Provided records:
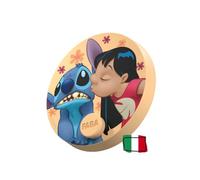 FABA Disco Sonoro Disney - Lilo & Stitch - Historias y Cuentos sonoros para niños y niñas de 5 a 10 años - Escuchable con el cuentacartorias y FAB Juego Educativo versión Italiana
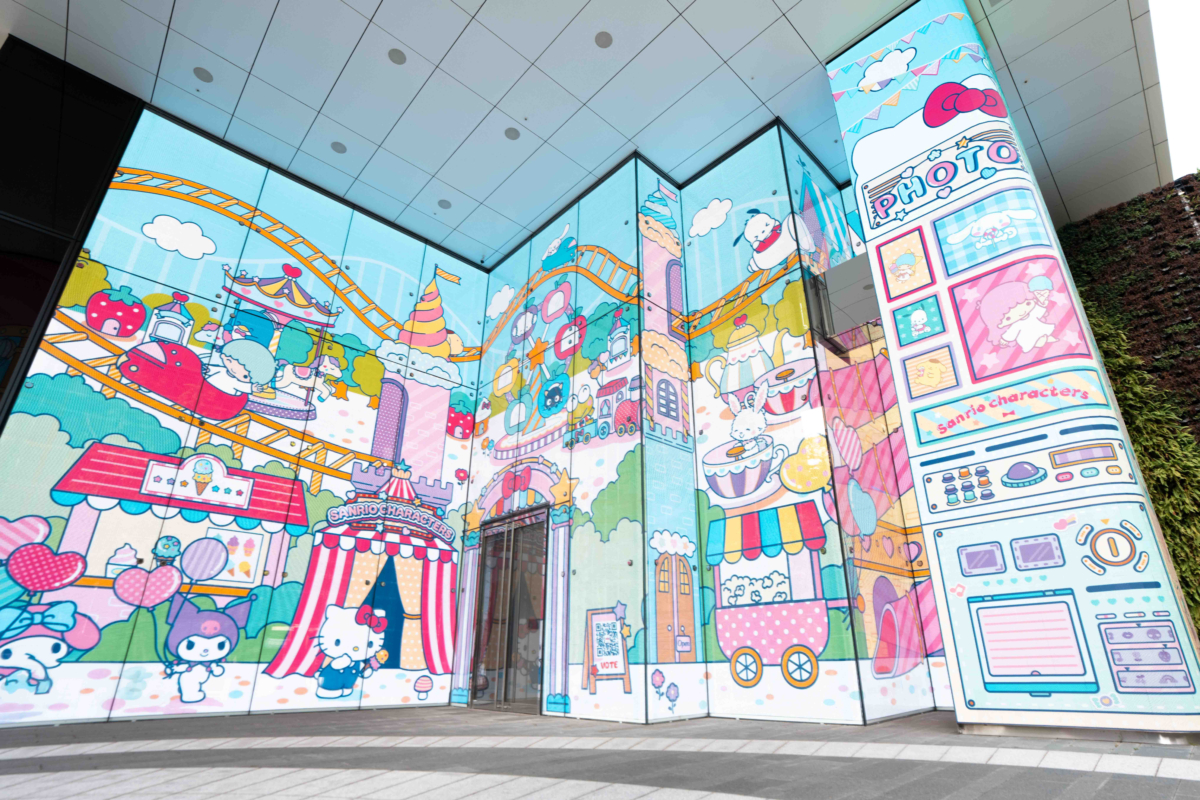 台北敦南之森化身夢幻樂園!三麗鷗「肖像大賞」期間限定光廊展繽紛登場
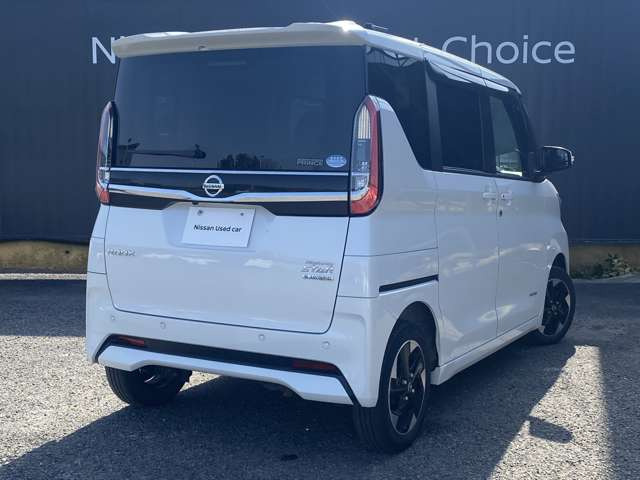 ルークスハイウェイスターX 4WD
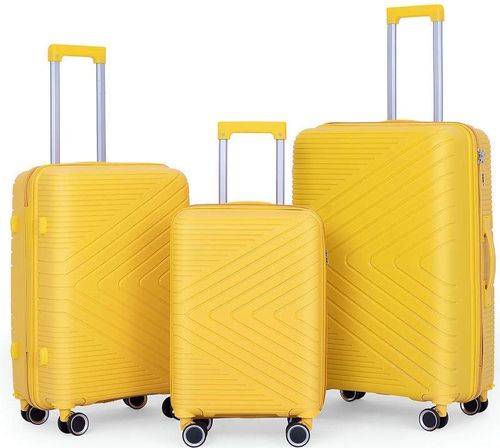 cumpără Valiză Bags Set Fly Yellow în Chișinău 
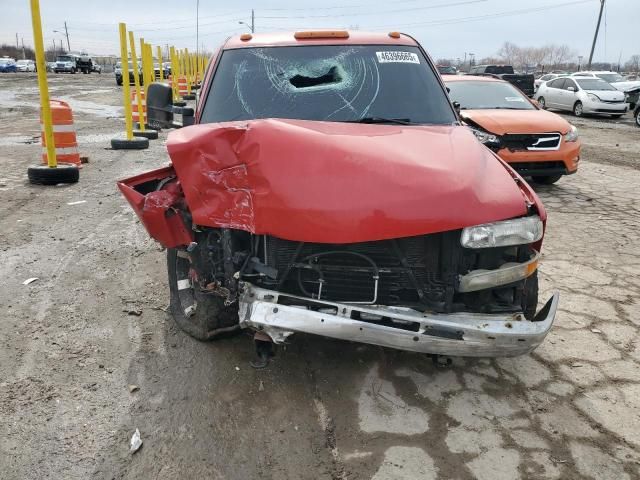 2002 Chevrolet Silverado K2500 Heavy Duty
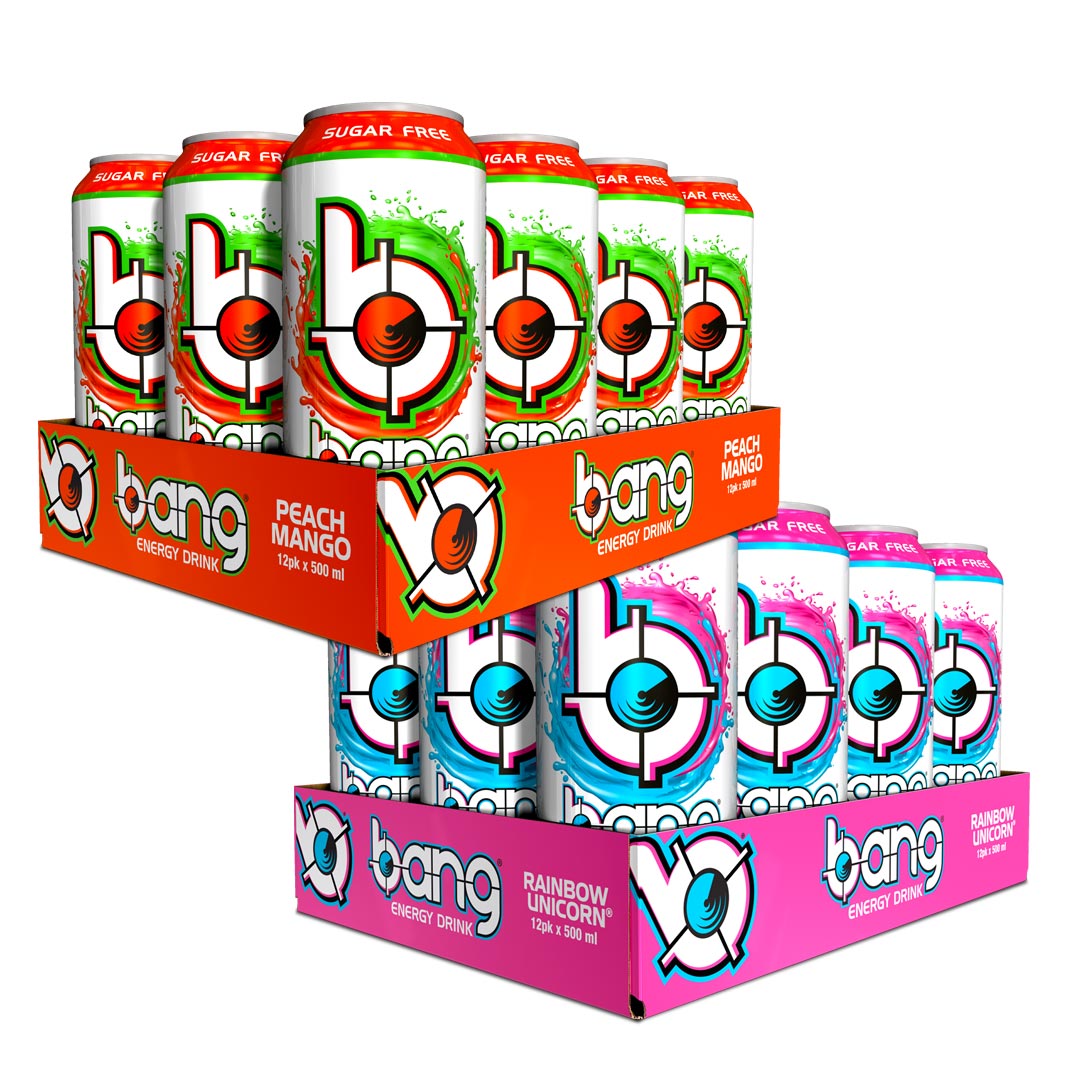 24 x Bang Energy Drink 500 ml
--
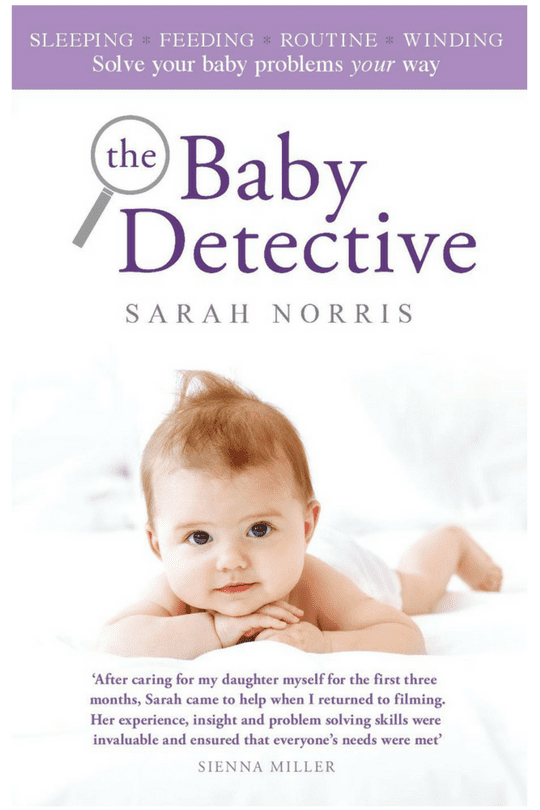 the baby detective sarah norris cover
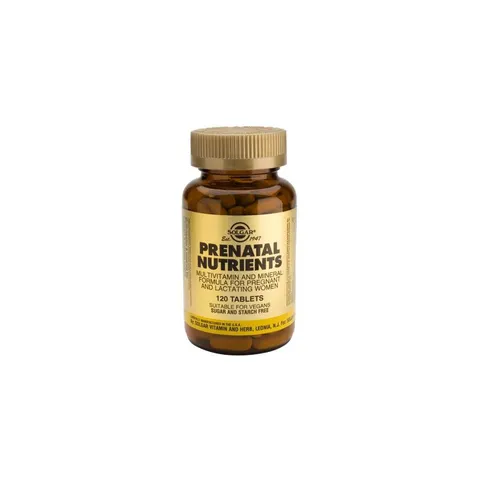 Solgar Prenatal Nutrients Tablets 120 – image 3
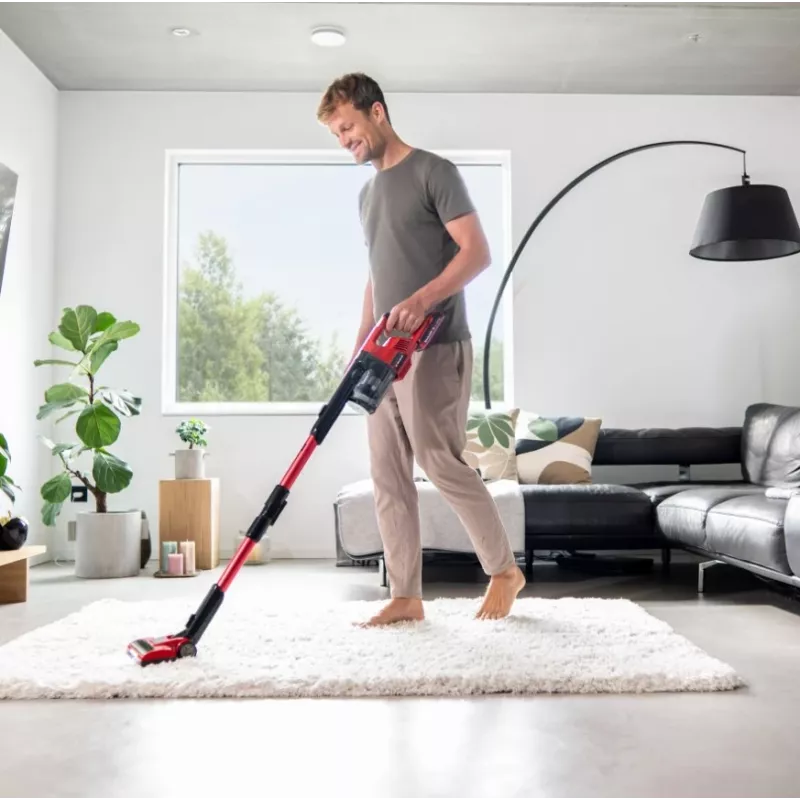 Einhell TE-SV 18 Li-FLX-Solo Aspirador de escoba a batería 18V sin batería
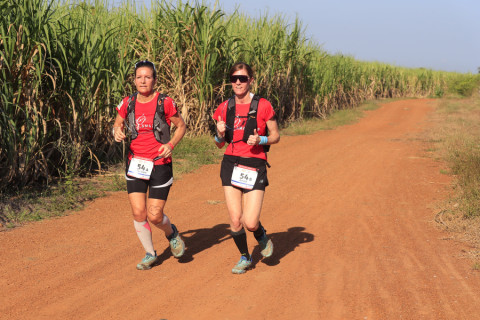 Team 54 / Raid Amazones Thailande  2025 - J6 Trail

Problem to solve:
Every line above in the stretch from the one with "ルークスハイウェイスターX 4WD" through the one with "24 x Bang Energy Drink 500 ml" is to be transcribed exactly, ends included. No picture is copied.

Answer for this exercise:
 ルークスハイウェイスターX 4WD
 cumpără Valiză Bags Set Fly Yellow în Chișinău 
 2002 Chevrolet Silverado K2500 Heavy Duty
 24 x Bang Energy Drink 500 ml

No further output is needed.